**Work task:** Every record must be given again word for word; no picture belongs in the copy.

**Excerpts from a dataset:**
/---

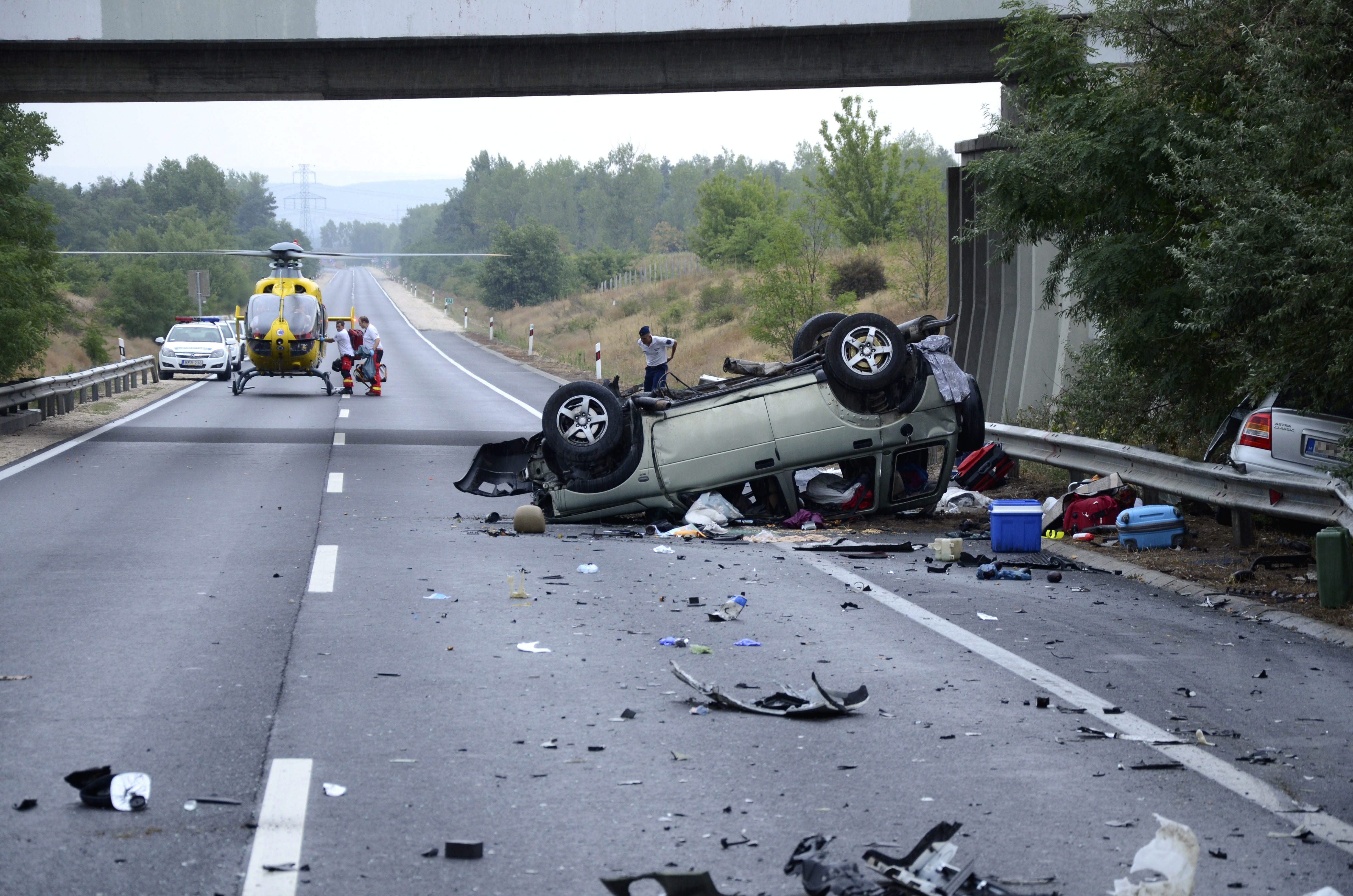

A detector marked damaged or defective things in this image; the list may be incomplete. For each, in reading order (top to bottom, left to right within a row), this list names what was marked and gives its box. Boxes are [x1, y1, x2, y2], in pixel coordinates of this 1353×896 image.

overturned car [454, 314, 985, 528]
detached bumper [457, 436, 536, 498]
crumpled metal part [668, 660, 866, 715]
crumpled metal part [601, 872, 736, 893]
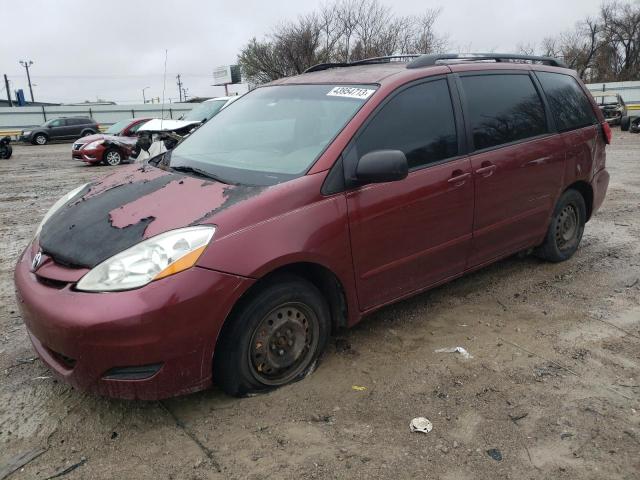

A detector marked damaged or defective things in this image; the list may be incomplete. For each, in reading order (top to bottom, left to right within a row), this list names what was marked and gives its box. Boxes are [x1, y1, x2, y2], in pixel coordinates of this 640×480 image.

\---

**Result for this task:**
A detector marked damaged or defective things in this image; the list may be incomplete. For each, in reading order (top to bottom, left to right within a row), this list names what was marked and gives its box. Boxes are [x1, y1, x2, y2], in pixel coordinates of this 1353×896 image.

overturned car [454, 314, 985, 528]
detached bumper [457, 436, 536, 498]
crumpled metal part [668, 660, 866, 715]
crumpled metal part [601, 872, 736, 893]

A detector marked damaged or defective things in this image; the list may be incomplete. For each, in reading order (top to bottom, left to right within a row), this list names what was marked and gives its box. Boxes are [x1, y1, x2, y2], in pixel coordinates of this 640×480 image.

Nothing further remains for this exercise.